Properly aligning the pipes beforehand is very important for optimal weld results. Many welders are unaware of it and rush into it. This result is a steep angle bevel. The filler material can adjust minor misalignments, but when the difference is large, it can cause a horrible weld.

  1. Faulty Joint Preparation

Tacking is very important for pipe welding, and many welders often disregard it. Tacking is welding in small lengths around the full diameter of the two pipes so that they remain stable during the procedure.

The number and positions of the tacks depend on the pipe size, but the standard is tacking in 10, 12, and 2 o’clock positions for half of the diameter.

The landing area has to be heavy for stick welding, with the gap as narrow as possible. For TIG welding, the landing area is like a knife-edge. TIG welding also has a wider gap than stick welding. The root opening for TIG welding is 1/8 inch and 3/32 inch for stick welding.

  1. Wrong Use of Shielding Gas

More shielding gas doesn’t mean better protection of the weld. In fact, it can harm the weld quality. Too much shielding gas can cause an influx of oxygen into the weld, which can cause porosity. Also, buying premixed gas is better than mixing the gas yourself using a flow regulator or something.

  1. Faulty Tacking

Tacking is very important for pipe welding and many welders often disregard it. Tacking is welding in small lengths around the full diameter of the two pipes so that they remain stable during the procedure.

The number and positions of the tacks depend on the pipe size, but the standard is tacking in 10, 12, and 2 o’clock positions for half of the diameter.

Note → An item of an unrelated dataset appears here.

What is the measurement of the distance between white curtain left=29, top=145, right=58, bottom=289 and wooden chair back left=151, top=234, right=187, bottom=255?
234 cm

Tacking material and filler metal has to be the same. Tack becomes a part of the weld. So, it is equally as important as the weld material itself. Improper tacking can weaken the weld or even misalign the pipes.

  1. Porosity

Porosity is the most common anomaly in welding. It can occur for various reasons, such as the presence of unwanted gas in the weld, the wrong proportion of shielding gas, the presence of dust or debris, a faulty welding machine, etc.

You have to maintain complete protocol and thoroughly know the welding type to avoid porosity.

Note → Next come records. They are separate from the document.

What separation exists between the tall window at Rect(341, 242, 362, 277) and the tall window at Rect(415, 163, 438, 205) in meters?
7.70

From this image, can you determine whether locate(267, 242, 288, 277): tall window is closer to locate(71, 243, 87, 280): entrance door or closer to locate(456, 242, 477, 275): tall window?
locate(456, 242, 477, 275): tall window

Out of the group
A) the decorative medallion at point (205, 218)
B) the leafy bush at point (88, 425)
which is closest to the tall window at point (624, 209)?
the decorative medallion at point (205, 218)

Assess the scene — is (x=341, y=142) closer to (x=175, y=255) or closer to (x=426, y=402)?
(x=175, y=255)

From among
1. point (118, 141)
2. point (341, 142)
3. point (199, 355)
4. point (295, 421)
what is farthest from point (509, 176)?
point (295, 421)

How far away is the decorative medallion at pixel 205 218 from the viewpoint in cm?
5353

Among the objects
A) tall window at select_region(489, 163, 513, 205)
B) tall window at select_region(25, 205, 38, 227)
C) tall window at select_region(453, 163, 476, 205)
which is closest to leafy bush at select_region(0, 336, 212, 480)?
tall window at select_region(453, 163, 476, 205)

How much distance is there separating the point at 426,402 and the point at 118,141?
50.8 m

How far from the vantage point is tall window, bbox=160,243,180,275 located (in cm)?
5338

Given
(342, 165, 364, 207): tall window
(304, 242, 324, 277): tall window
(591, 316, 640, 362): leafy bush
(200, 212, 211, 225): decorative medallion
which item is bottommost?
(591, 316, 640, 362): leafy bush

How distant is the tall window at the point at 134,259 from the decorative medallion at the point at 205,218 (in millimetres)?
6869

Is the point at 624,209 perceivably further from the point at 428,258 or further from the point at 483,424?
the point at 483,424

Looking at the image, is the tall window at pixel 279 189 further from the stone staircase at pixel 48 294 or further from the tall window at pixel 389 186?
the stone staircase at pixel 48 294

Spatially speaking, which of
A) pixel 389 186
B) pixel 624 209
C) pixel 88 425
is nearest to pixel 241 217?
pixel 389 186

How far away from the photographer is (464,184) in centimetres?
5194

Advantages Of Pipe Welding

As pipe welding is quite complex, you might wonder why industries prefer welding to joint pipe pieces. There are tons of advantages of pipe welding over other methods. First of all, no other method can provide a stronger joint than welding.

Using screws to join pipe pieces together is lengthy and less effective than welding. It’s also less economically viable. The chance of leakage is impossible to reduce without welding.

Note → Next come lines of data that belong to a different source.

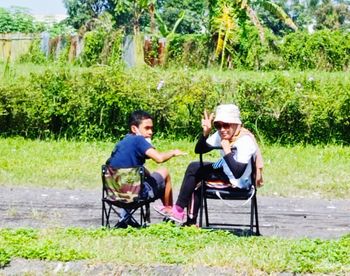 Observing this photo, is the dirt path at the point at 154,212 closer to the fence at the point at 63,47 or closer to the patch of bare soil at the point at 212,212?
the patch of bare soil at the point at 212,212

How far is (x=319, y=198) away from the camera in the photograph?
11.0 m

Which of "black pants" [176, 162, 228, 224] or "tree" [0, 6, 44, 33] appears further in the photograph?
"tree" [0, 6, 44, 33]

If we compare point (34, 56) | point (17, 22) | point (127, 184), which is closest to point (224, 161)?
point (127, 184)

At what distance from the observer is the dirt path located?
848cm

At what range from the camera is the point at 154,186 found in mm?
7840

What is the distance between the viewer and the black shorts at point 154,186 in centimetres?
763

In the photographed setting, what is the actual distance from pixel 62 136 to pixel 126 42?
485 inches

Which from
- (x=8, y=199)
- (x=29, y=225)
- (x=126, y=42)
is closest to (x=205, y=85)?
(x=8, y=199)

If the pipe requires insulation, that will be difficult to achieve due to the presence of screws and plates on the pipe surface. In such cases, welding is the only method to solve the problem.

Welding is less prone to damage and is also easier to repair. Welding pipe is an all-arounder in terms of labor time, cost, and efficacy.


For something as intricate as pipe welding, understanding the fundamentals is rudimentary before going to a practical work line. Welding positions, joint preparation, welding types, and how each type affects the overall approach are the key steps of becoming a proficient pipe welder.

I believe I could answer all your queries about how to pipe weld. Best of luck on the field!